We're not saying every IRP needs to be planned against P90 solar conditions — that would result in systematic over-procurement of dispatchable capacity. We're saying that the IRP should explicitly quantify the LOLE impact of a low-solar year, make that risk visible, and decide whether additional adequacy hedges (battery storage, demand response contracts, extended gas peaker availability) are warranted based on that quantified risk rather than treating median-year assumptions as conservative planning.
Correlated weather risk across the portfolio
A single-site capacity factor stress test understates the risk in a regional portfolio, because low-irradiance years are driven by regional-scale climate patterns that affect all sites in a geographic footprint simultaneously. A utility with 800 MW of solar spread across ten sites in Colorado and New Mexico is not holding ten statistically independent capacity factor risks — the sites are highly correlated in their annual energy output because they are all under the influence of the same synoptic-scale forcing.
The correlation structure between sites in a regional portfolio should be explicitly characterized in the IRP stress test. Two sites 40 km apart in similar terrain may have a 0.85–0.90 correlation in annual GHI. Two sites 400 km apart across a mountain range may have a 0.60–0.70 correlation — lower, but still substantially correlated relative to what a diversification-assumes-independence model would imply. Portfolio-level ELCC in a stressed year should be computed using correlated production profiles, not as a simple sum of uncorrelated individual ELCCs.
What this means for capacity procurement decisions
The practical implication for IRP process is that solar capacity needs to be represented in the model with a distribution over annual performance outcomes, not a single central estimate.
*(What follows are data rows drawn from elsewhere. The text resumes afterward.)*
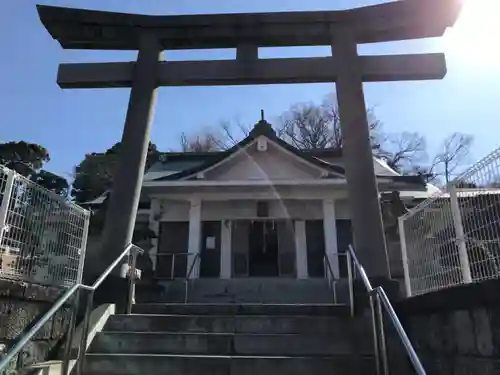 糸縄神社の鳥居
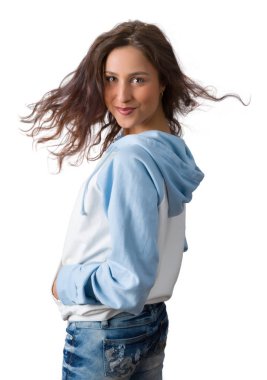 uçan saçlı kadın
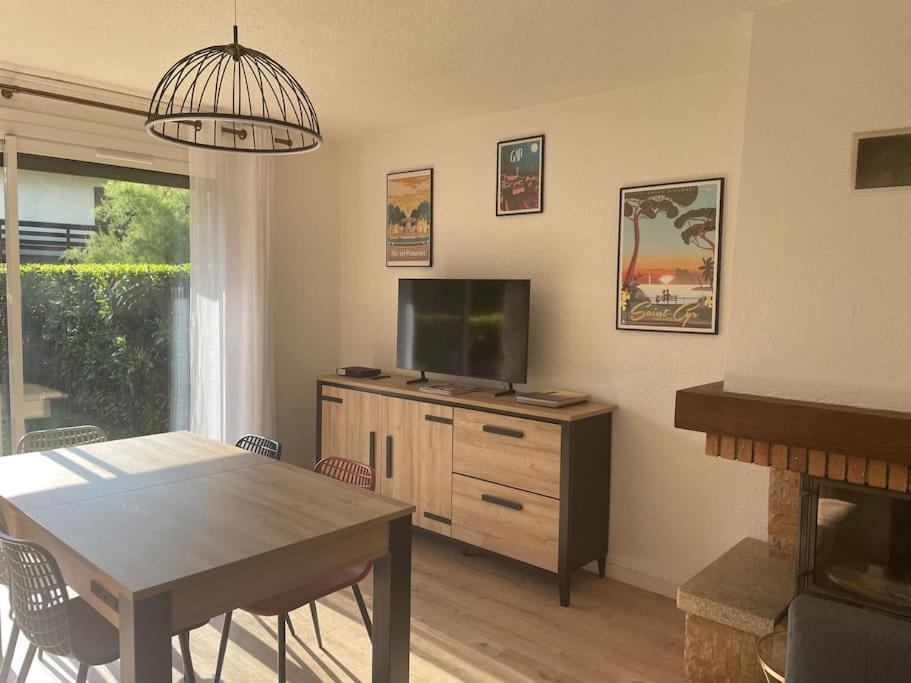 Maison Tres Agreable Avec Exterieurs, Bien Situee Au Plan D'Eau Embrun Esterno foto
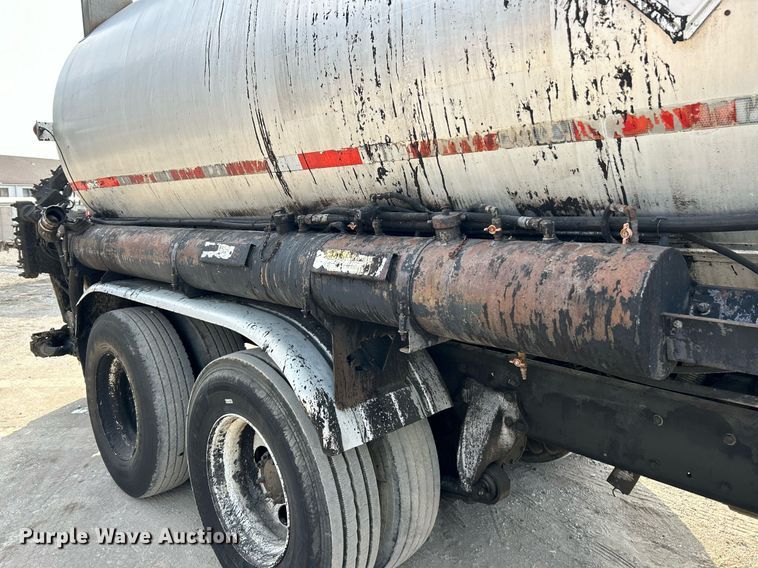 image for item EK3626 2006 Freightliner Business Class M2 oil distributor truck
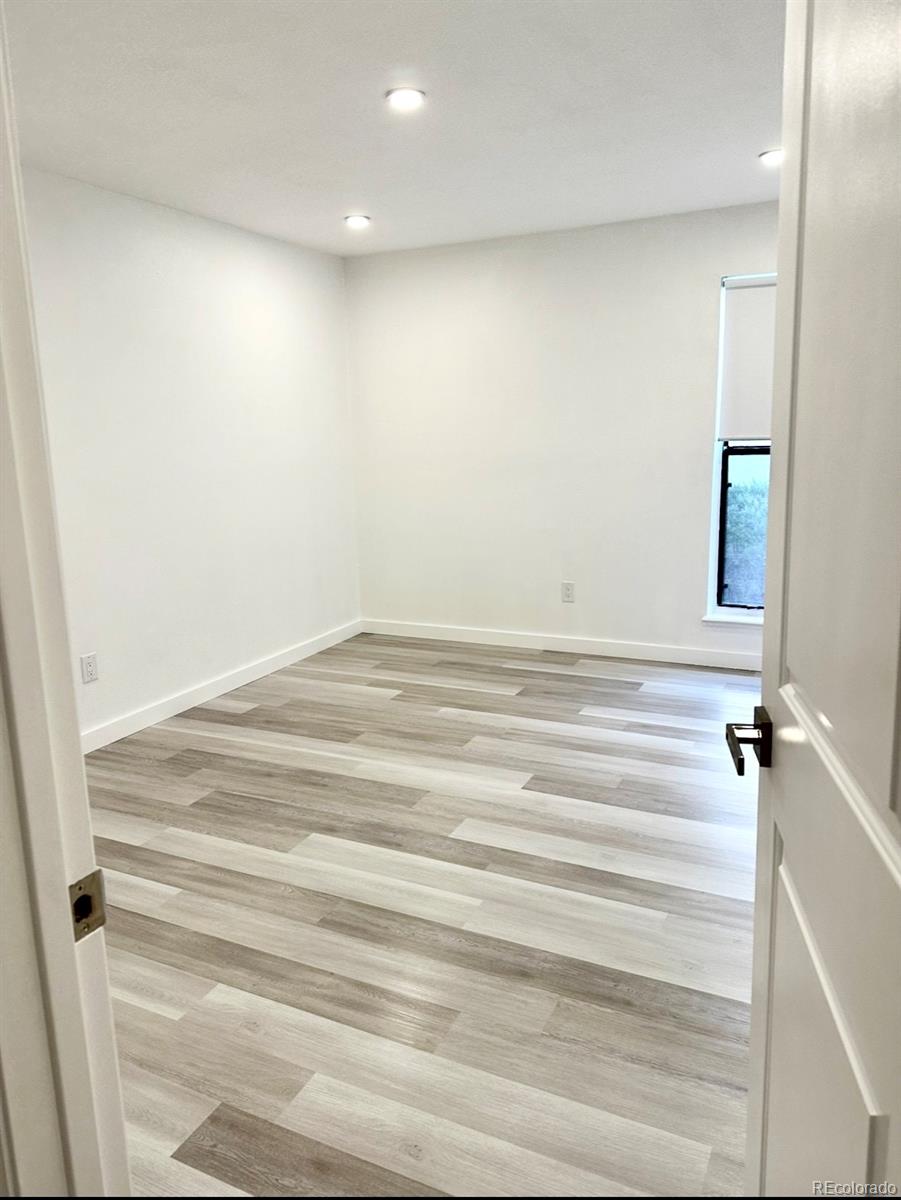 MLS Image #11 for 6480 s dayton street,englewood, Colorado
That distribution should be derived from site-specific irradiance history, ideally 20+ years, supplemented by climatological analysis of the relationship between large-scale climate indices and regional irradiance anomalies.
Battery storage paired with solar changes the analysis further: the battery's contribution to ELCC depends partly on how often it can be fully charged during peak irradiance hours, which is itself a function of the solar capacity factor distribution. A storage-plus-solar system's combined ELCC in a P90 solar year is more complex to characterize than either asset separately, and it requires production profiles for both assets under correlated atmospheric forcing.
The quality of the long-range capacity planning output is bounded by the quality of the renewable performance characterization going into the model. Getting that characterization right — using probabilistic distributions rather than single-point capacity factor assumptions, characterizing regional correlation structure, and stress-testing against tail climate scenarios — is where the investment in better data and better methodology has its highest return in IRP work.